- AIM OF THE EXERCISE -
The line with "2017 RAM 1500" marks the first line to copy, and the line with "VINTAGE ENGLISH COPPER KETTLE" marks the last. Transcribe that stretch of the data below exactly, without pictures.

- MATERIAL FOR THE TASK -
:::

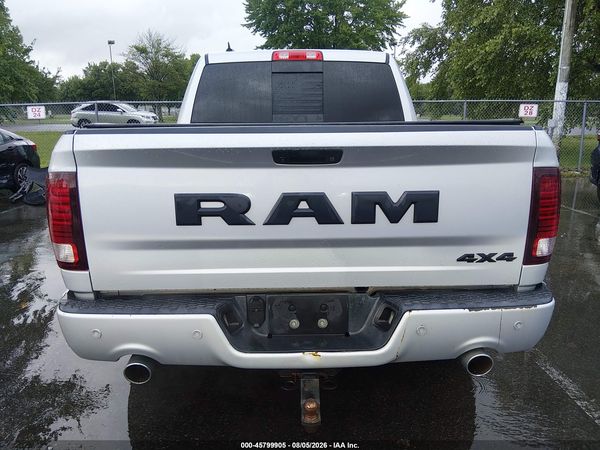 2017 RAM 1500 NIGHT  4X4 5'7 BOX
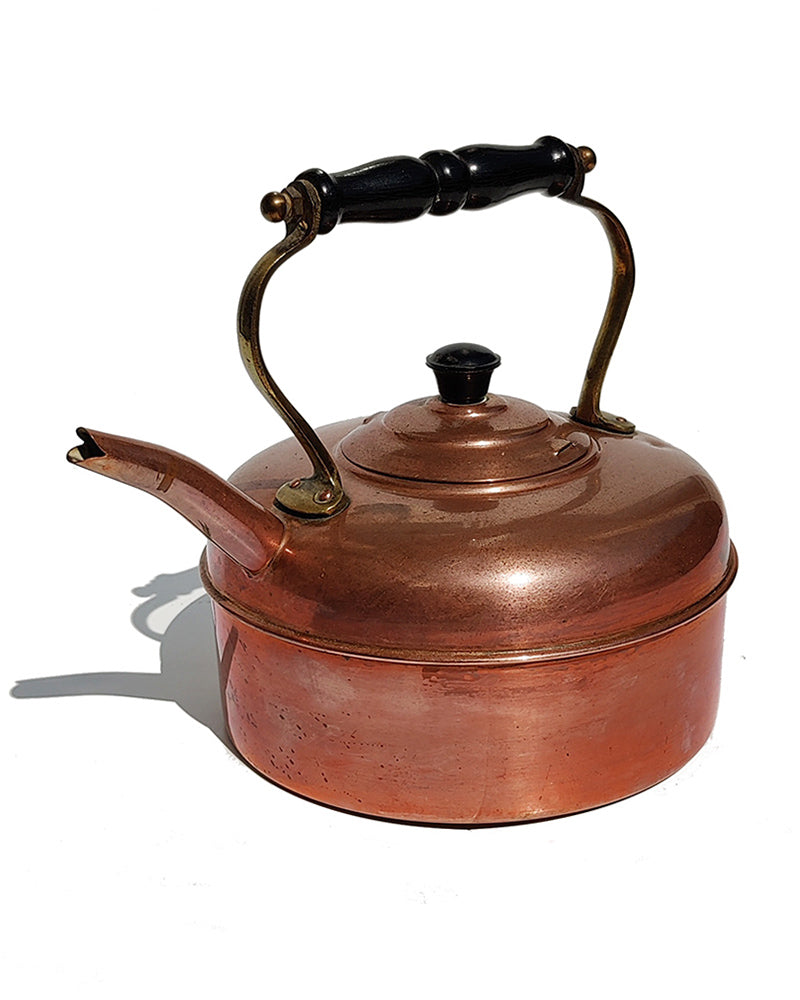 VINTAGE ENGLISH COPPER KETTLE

:::

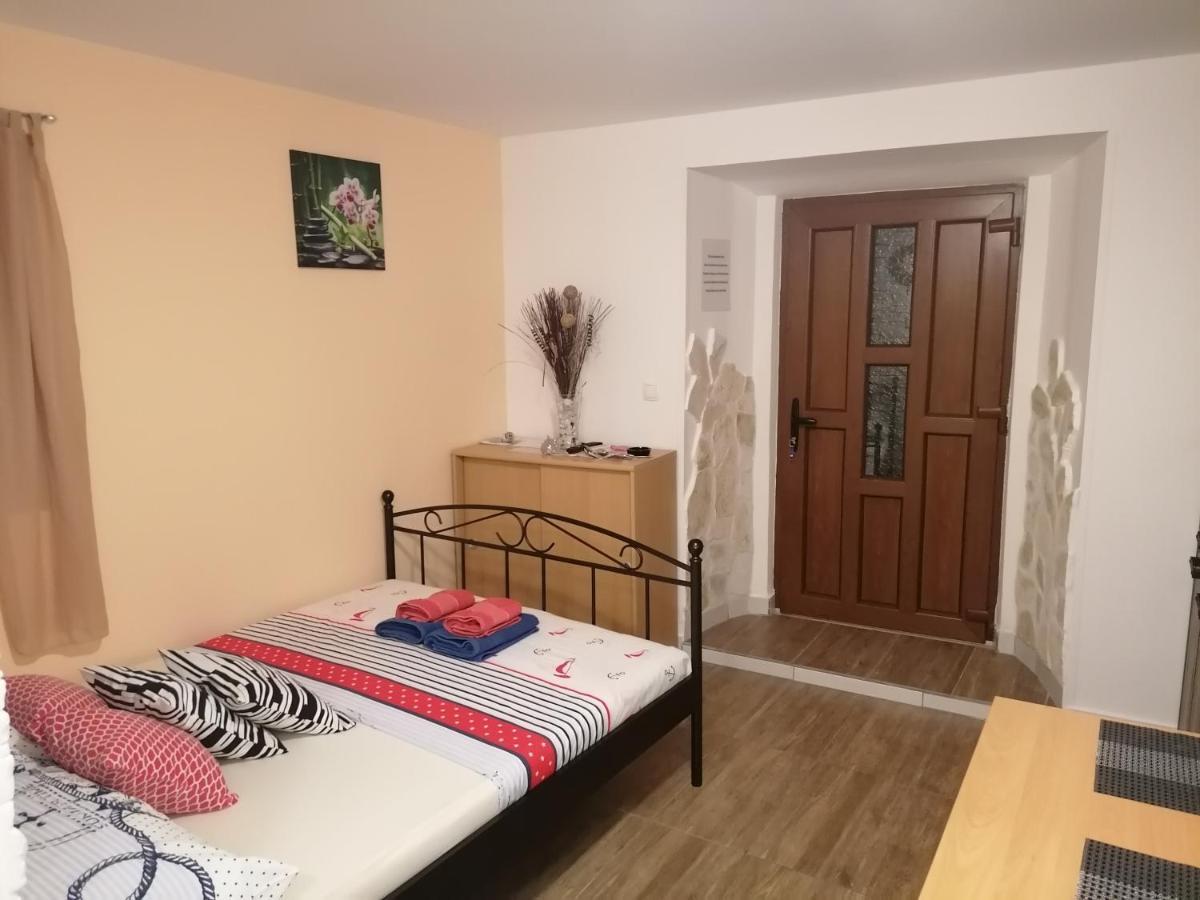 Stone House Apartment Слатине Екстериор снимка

:::

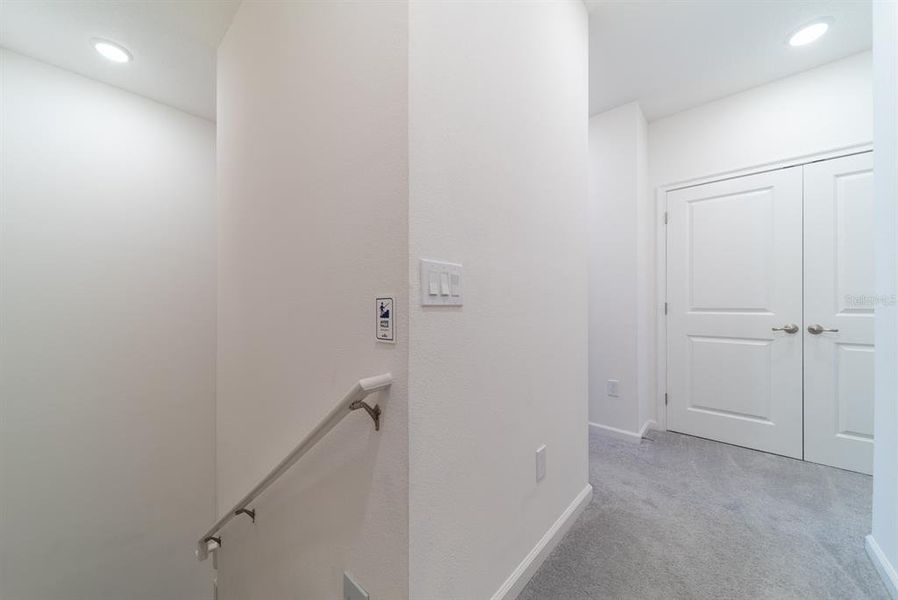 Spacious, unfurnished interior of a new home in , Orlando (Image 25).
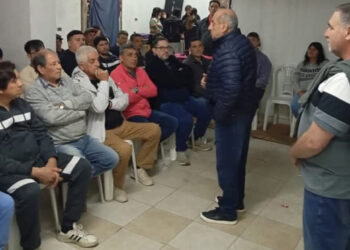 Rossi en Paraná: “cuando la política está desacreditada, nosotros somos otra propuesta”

:::

- PROBLEM SOLUTION -
 2017 RAM 1500 NIGHT  4X4 5'7 BOX
 VINTAGE ENGLISH COPPER KETTLE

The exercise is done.